- Occupations: Neuroradiologist, medical educator
- Known for: Founding Radiopaedia.org

= Frank Gaillard =

Australian neuroradiologist

Frank Gaillard is an Australian neuroradiologist and medical educator. He founded Radiopaedia.org in December 2005 and served as its editor-in-chief until 2024. He works as a consultant neuroradiologist at the Royal Melbourne Hospital and holds a clinical academic appointment at the University of Melbourne.
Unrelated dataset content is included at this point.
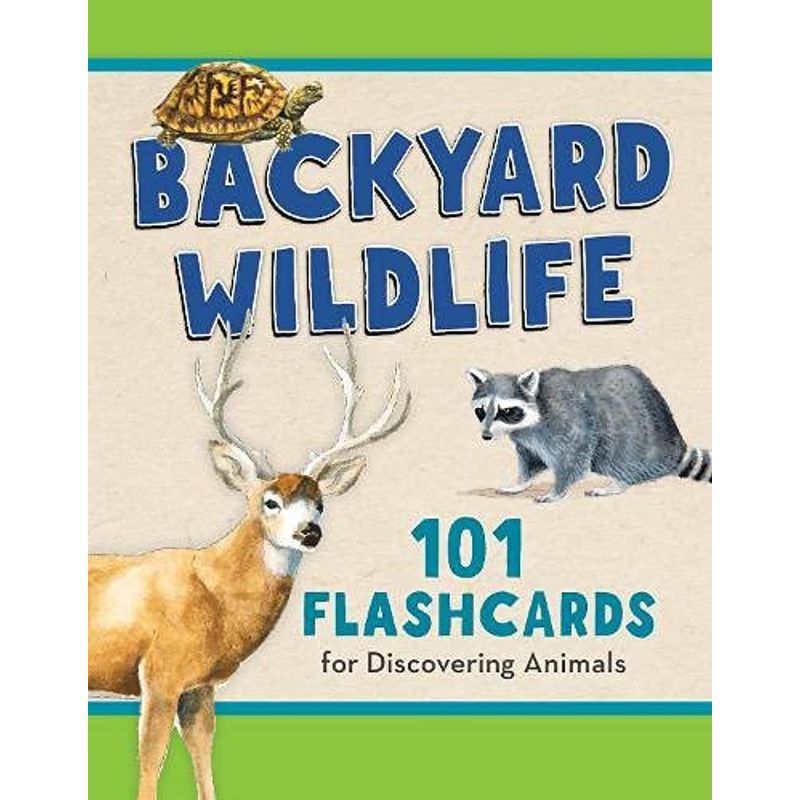 Backyard Wildlife: 101 Flashcards For Discovering Animals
== Education and career ==
Gaillard graduated from the University of Melbourne medical school in 1998 and trained in radiology at the Royal Melbourne Hospital. He undertook additional neuroradiology fellowship training in Canada and later returned to the Royal Melbourne Hospital as a consultant neuroradiologist. His clinical and research interests include central nervous system tumour imaging and computer-aided MRI interpretation.

== Radiopaedia ==
Gaillard created Radiopaedia.org in 2005 while training in radiology, initially as a way to store and organise digital teaching material, and developed it into an open, collaborative radiology reference and case repository inspired in part by wiki-based models of online knowledge sharing. In academic publishing, Gaillard has disclosed his role as founder, chief executive, and editor of Radiopaedia.org. He has once recounted that Wikipedia was his source for inspiration in creating this resource.

Studies of radiology trainees' information-seeking behaviour have identified Radiopaedia among the commonly used resources in on-call settings.

== Honours ==
In 2021, Gaillard was awarded an Honorary Fellowship of the Royal College of Radiologists (RCR) for contributions to radiology education, including his work on Radiopaedia.org.